A advocacia colaborativa surgiu nos anos 90, nos Estados Unidos por meio de um brilhante advogado americano chamado Stuart Web, que, cansado de litigar e ver seus clientes cada vez mais insatisfeitos, inaugura, então, uma nova maneira de advogar.


Este modelo de advocacia contemporânea traz uma nova maneira de olhar para o conflito. É como se todos estivessem exatamente do mesmo lado.

É como um pequeno barco que para avançar em direção ao oceano precisa que todos – todos - estejam coordenados e remando na mesma direção.

O esforço é conjunto. O objetivo é único.

Desde que participei de uma capacitação aqui no Rio de Janeiro em Práticas Colaborativas e me tornei uma “Defensora Colaborativa” (simplesmente amo essa terminologia) comecei a perceber, com mais clareza, nos processos e nas audiências em que atuo, a diferença de postura que um profissional colaborativo tem.

Parece que a gente se reconhece no outro. Esse encontro parece mágico.
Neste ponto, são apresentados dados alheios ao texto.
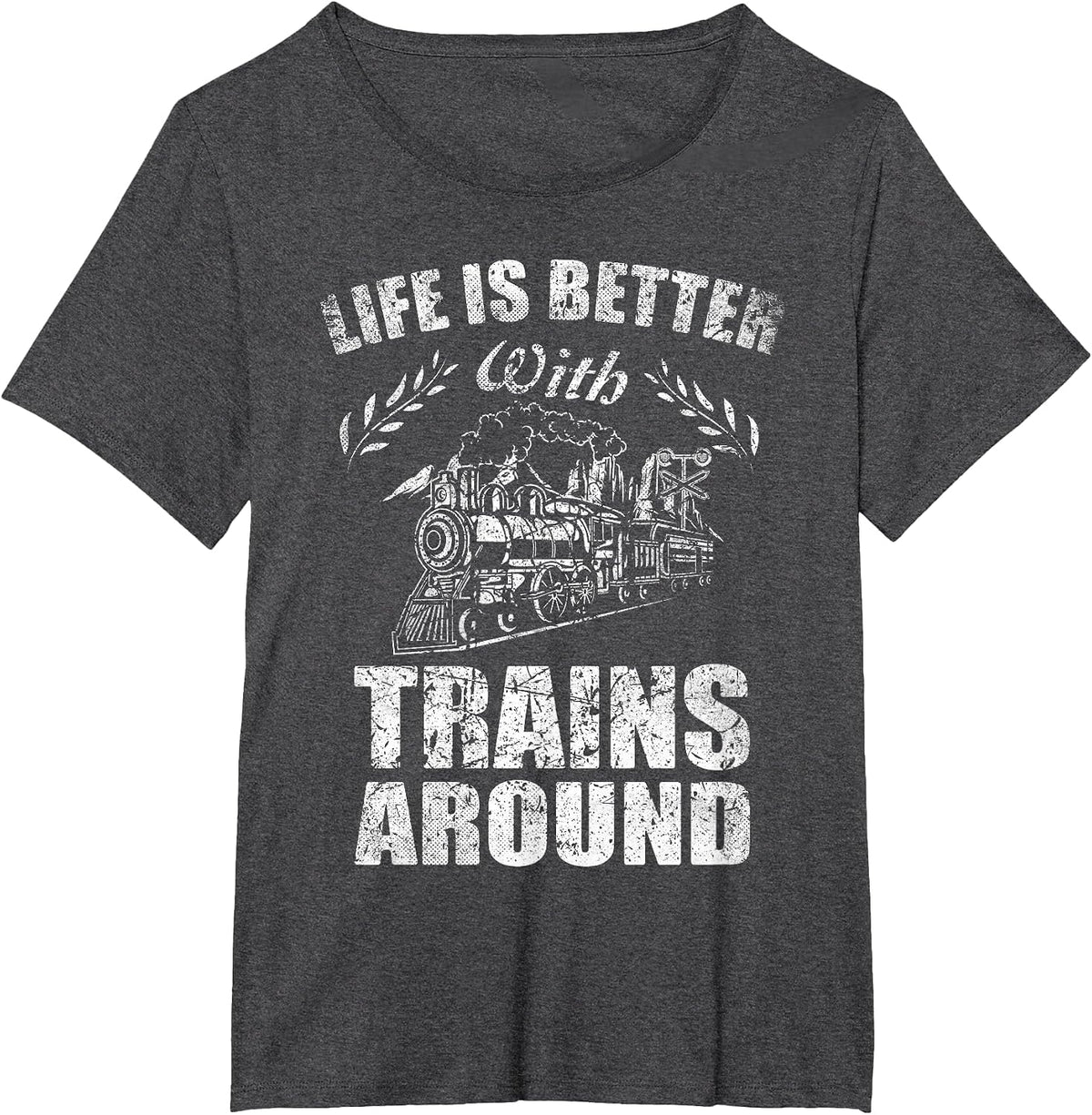 Life is Better with Trains Railroad Collector Model Train T-Shirt - Dark Heather Grey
Tudo começa a fazer sentido e fluir.


Mas porque mesmo eu desviei da história que estava contando e comecei a falar de Advocacia Colaborativa??

Ah, acho que já sei.

Vocês lembram que na história eu disse que a sessão de mediação estava sendo conduzida por um excelente mediador?

Pois é. Mas tinha um problema. Não havia um advogado colaborativo do outro lado. Mas isso por si só poderia ser contornado se houvesse uma postura colaborativa por parte daquele advogado que lamentavelmente, num determinado momento bateu na mesa e de forma muito incisiva falou:


“Não. Não sou advogado de fazer acordo”.


Que pena.


O barco não chegou ao oceano. Ficou parado no mesmo lugar.